ARROW-759: [Python] Serializing large class of Python objects in Apache Arrow #965

pcmoritz · 2017-08-15T04:10:35Z

This PR adds the capability to serialize a large class of (nested) Python objects in Apache Arrow. The eventual goal is to evolve this into a more modern version of pickle that will make it possible to read the data from other languages supported by Apache Arrow (and might also be faster).

Currently we support lists, tuples, dicts, strings, numpy objects, Python classes and namedtuples. A fallback to (cloud-)pickle can be provided for objects that cannot be natively represented in Arrow (for example lambdas).

Numpy data within objects is efficiently represented using Arrow's Tensor facilities and for the nested Python sequences we use Arrow's UnionArray.

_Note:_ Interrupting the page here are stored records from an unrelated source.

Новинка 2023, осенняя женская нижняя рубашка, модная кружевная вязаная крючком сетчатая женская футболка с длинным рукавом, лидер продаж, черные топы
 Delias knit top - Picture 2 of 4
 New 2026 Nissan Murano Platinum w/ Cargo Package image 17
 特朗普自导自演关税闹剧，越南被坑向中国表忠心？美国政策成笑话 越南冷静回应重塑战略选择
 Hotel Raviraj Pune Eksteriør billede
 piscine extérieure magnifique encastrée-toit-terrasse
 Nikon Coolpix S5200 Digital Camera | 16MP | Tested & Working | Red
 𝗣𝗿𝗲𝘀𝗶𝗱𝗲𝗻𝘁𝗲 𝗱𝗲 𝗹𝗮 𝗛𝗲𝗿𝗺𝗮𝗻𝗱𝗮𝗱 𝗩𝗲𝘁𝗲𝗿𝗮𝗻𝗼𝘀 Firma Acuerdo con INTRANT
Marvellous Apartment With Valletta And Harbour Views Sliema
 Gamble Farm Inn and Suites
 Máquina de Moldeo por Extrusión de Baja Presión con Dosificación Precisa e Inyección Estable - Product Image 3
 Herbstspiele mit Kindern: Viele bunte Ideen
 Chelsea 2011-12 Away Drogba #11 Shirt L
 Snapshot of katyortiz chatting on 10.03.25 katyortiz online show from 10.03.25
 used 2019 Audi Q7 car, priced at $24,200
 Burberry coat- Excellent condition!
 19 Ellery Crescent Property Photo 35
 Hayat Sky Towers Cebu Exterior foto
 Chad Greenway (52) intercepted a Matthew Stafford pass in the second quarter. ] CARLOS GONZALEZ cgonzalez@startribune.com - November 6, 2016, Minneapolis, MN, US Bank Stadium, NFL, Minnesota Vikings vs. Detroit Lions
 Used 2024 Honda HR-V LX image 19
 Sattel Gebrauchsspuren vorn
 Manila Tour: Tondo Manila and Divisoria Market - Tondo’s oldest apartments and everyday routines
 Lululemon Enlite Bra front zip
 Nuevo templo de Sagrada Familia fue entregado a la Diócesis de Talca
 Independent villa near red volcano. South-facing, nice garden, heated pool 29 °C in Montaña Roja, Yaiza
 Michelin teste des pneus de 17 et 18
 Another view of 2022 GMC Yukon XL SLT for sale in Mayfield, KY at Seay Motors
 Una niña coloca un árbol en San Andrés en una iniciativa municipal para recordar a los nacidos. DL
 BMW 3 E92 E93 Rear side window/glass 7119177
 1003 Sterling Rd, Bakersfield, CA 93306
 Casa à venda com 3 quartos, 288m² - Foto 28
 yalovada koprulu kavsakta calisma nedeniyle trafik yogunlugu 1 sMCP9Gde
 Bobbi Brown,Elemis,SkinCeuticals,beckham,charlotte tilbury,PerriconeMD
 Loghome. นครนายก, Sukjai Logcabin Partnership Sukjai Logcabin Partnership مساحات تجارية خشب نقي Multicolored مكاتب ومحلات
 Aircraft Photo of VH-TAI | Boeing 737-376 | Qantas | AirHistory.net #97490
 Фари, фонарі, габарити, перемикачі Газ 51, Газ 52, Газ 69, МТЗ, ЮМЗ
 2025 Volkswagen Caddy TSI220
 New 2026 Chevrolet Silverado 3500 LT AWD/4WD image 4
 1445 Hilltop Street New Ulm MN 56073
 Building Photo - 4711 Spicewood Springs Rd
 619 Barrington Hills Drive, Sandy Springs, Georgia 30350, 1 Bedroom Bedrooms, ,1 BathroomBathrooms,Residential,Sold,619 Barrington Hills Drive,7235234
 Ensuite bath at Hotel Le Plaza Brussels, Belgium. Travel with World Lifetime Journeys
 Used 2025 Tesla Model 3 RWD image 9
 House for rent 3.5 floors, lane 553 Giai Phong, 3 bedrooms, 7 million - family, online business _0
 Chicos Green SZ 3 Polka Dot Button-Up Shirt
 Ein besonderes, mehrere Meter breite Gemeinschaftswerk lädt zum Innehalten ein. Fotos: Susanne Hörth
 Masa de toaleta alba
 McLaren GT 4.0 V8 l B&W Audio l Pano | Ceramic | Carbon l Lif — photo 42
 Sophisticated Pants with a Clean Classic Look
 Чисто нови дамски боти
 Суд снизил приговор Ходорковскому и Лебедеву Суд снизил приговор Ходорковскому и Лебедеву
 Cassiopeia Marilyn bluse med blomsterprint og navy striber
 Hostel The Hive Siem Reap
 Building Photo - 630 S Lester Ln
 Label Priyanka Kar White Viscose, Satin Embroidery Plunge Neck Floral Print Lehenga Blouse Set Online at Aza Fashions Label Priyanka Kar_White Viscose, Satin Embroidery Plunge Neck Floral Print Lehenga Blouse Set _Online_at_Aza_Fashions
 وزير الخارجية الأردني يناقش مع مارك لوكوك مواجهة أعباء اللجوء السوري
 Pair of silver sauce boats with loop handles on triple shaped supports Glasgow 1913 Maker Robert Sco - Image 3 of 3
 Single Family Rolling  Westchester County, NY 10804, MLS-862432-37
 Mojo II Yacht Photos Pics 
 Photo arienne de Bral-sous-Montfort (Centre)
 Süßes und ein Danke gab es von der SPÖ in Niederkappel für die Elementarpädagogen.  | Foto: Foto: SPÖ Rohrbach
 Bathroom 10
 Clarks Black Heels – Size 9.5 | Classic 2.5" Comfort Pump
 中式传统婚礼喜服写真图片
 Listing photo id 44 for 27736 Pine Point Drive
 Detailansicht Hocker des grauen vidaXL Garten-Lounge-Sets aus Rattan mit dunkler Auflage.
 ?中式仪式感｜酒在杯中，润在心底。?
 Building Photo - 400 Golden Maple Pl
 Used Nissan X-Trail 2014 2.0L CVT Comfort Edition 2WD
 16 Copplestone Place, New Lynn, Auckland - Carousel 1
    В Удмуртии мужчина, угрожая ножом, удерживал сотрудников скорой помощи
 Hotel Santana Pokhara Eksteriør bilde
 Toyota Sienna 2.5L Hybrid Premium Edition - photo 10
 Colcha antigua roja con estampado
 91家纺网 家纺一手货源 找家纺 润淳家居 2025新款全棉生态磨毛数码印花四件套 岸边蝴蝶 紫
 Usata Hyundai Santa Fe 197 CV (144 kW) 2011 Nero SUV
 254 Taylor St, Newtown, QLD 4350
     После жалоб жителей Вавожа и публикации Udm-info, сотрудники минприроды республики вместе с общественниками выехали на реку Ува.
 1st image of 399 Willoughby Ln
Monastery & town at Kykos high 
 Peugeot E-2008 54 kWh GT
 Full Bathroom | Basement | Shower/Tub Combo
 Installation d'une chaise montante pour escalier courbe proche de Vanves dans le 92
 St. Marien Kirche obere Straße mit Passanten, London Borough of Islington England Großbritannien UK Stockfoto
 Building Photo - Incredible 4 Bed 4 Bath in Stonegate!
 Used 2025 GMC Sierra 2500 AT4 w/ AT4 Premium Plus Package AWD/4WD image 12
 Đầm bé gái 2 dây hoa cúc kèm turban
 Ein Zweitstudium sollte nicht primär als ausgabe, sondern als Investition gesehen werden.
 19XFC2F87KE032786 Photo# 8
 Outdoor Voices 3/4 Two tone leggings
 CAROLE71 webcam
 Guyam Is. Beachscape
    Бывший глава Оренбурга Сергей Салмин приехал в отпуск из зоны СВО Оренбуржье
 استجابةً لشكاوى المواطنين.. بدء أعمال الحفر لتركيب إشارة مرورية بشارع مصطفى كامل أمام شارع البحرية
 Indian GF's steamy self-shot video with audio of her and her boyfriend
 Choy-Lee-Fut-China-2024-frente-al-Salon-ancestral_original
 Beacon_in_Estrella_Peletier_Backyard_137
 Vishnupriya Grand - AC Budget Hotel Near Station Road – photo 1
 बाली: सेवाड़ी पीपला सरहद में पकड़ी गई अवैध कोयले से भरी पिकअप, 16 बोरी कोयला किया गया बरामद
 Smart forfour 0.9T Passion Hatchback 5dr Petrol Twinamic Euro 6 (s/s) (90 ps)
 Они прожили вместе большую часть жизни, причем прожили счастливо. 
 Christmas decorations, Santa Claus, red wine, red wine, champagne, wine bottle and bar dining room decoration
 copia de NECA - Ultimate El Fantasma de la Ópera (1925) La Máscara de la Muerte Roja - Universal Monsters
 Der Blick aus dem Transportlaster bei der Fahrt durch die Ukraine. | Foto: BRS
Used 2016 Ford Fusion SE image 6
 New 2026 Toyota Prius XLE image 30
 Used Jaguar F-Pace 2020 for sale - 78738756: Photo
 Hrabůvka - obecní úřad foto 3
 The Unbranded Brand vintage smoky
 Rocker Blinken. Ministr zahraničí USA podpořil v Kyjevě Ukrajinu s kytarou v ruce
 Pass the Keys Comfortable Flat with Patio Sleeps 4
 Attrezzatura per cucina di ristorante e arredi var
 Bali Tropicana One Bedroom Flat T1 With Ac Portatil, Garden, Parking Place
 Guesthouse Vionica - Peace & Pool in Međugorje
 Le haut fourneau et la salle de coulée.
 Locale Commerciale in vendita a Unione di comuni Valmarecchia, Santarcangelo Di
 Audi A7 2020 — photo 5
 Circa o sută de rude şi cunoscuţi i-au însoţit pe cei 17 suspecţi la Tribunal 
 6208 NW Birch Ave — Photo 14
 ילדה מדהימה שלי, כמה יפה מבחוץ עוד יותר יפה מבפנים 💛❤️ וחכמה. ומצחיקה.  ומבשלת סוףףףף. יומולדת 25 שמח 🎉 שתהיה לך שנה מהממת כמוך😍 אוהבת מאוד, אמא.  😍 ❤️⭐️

There are many loose ends that will need to be addressed in follow up PRs.

…ng is handled correctly)

wesm

Nice! This looks like a great start. I have a bunch of mostly nitpicks but overall I'm really interested to flesh this out into a very strong alternative to pickle when dealing with lots of tables and tensors in a Python collection

wesm · 2017-08-16T00:25:37Z

cpp/src/arrow/python/CMakeLists.txt

  pyarrow.cc
+  sequence


Missing a .cc here?

wesm · 2017-08-16T00:25:55Z

cpp/src/arrow/python/arrow_to_python.cc

+
+#if PY_MAJOR_VERSION >= 3
+#define PyInt_FromLong PyLong_FromLong
+#endif


Could this go in common.h?

wesm · 2017-08-16T00:26:30Z

cpp/src/arrow/python/arrow_to_python.cc

+#define PyInt_FromLong PyLong_FromLong
+#endif
+
+Status get_value(std::shared_ptr<Array> arr, int32_t index, int32_t type, PyObject* base,


GetValue?

wesm · 2017-08-16T00:28:59Z

cpp/src/arrow/python/arrow_to_python.cc

+
+Status DeserializeList(std::shared_ptr<Array> array, int32_t start_idx, int32_t stop_idx,
+    PyObject* base, const std::vector<std::shared_ptr<Tensor>>& tensors, PyObject** out) {
+  DESERIALIZE_SEQUENCE(PyList_New, PyList_SetItem)


I think you may be able to do this using a template instead of a macro if you wanted, see e.g. https://github.com/apache/arrow/blob/master/cpp/src/arrow/python/pandas_to_arrow.cc#L905

Use PyList_SET_ITEM since it skips error checking (you aren't checking the errors anyway)?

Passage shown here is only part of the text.